Sharing PVInsights statistics, Aiko Solar’s presentation during SNEC 2021 showed that in the months of April 2021 and May 2021, PV products worth of a total of 26.2 GW were piled up in the warehouses in China, the breakdown for which is as follows:  5.1 GW of polysilicon, 5.8 GW of wafer, 1.2 GW of cell, and 14.1 GW of modules. This 26.2 GW is 61.8% higher than what ended up in the warehouses during Q1/2021.
At the end of May 2021, total cumulative inventory for the entire supply chain in the Chinese warehouses was a total of 68.6 GW, as shown by Aiko.
This means manufacturers are biding their time to even assemble their products for final shipments as they wait for high polysilicon prices to come down before demand can pick up again.
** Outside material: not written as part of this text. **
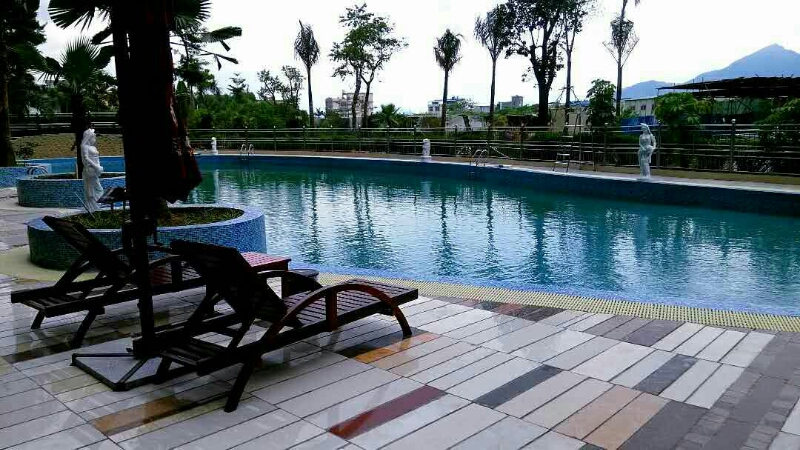 云天新城游泳池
Price pressure trickles down from polysilicon to modules which eventually pushes up module prices, impacting overall project costs.
If such high capacity continues to stay in the warehouses and grows further, it would not only impact the utilization rates of the fabs across the process chain, it might even slow down the pace of the expansion plans of leading manufacturers.
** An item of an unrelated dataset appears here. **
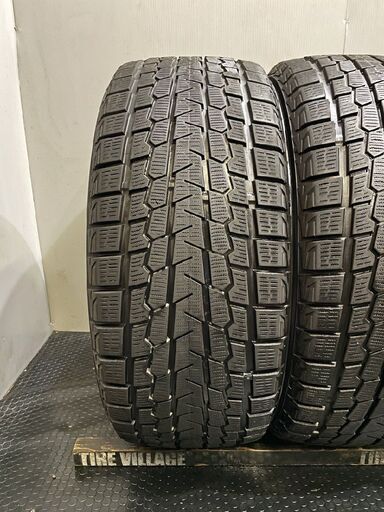 YOKOHAMA ice GUARD G075 265/45R21 21インチ スタッドレス 4本 18年製 レンジローバーヴェラール ジャガー/Fペイス等　(TE090)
Meanwhile, while sharing recent wafer price rise on June 2, 2021, PV InfoLink commented, “Demand was markedly affected after these price increases. Amid waning end user demand, cell manufacturers and vertically integrated companies trimmed down utilization rates further, resulting in lower acceptability for the wafer price hike and smaller trading volumes.”
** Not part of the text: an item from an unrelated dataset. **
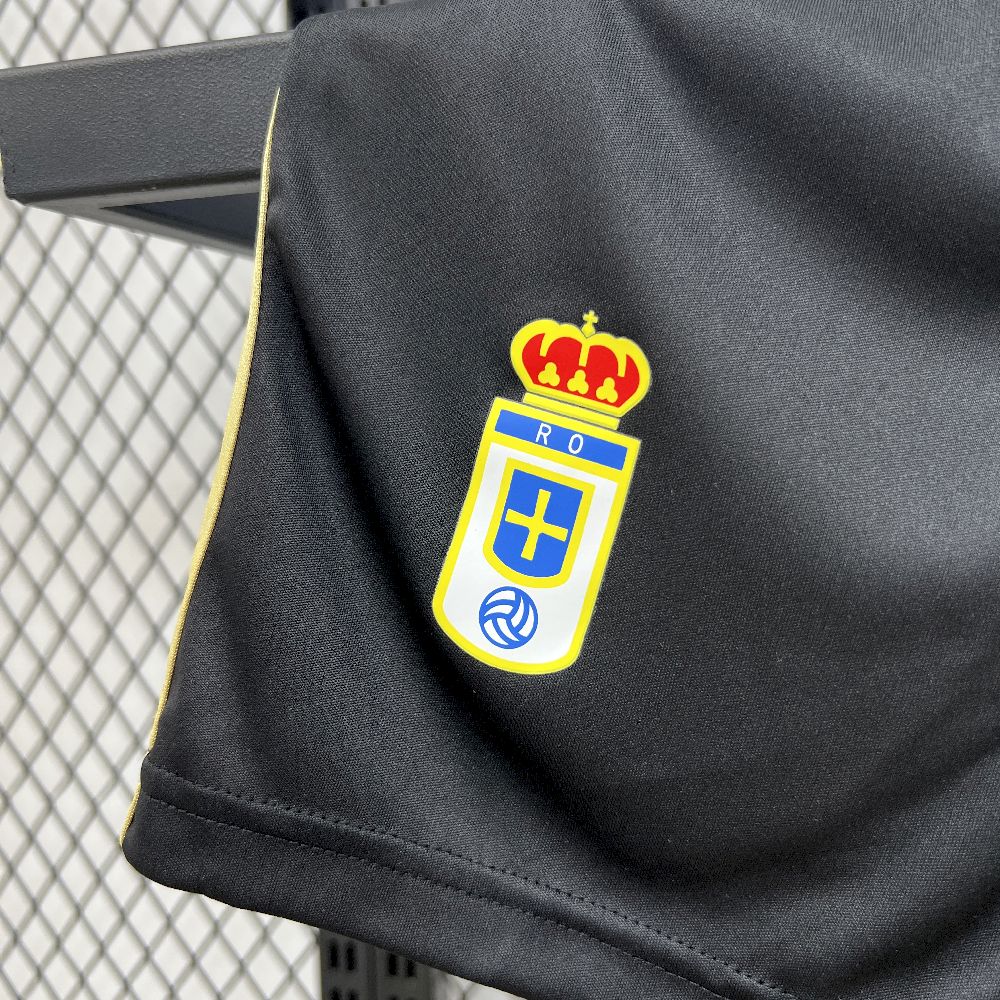 2025/26 Kids Real Oviedo Third Kit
On the silicon production side, 11 Chinese polysilicon manufacturers maintained a ‘high operating rate’ in May 2021 to respond to ‘excess demand’. However, production output of 3 companies is restricted leading to a marginal MoM decrease in domestic production of polysilicon mainly due to ‘overhaul on production lines for Xinjiang businesses and the reduced production load for Inner Mongolia businesses under the energy consumption policy’, according to an observation of Energy Trend that sees no respite in the near future.
“Looking into the subsequent market, major polysilicon businesses have tightened on the delivery of long-term orders, though the overhaul of production from 3 producers in June will continue to affect the supply of the product, and the support in inflation provided by the upstream and downstream sectors may further aggravate the tight provision of polysilicon in the country,” stated Energy Trend analysts.
Meanwhile, new polysilicon production capacity plans announced by several manufacturers is set to come online within a year or 2 which should not only ease the supply situation (see Xinte Energy To Build 200,000 Tons Polysilicon Fab / see Tongwei To Expand Polysilicon Production By 40,000 MT); it’s also expected to result in lower prices again. The question though is when that’s exactly to happen – and if a new oversupply situation might result in a real price collapse.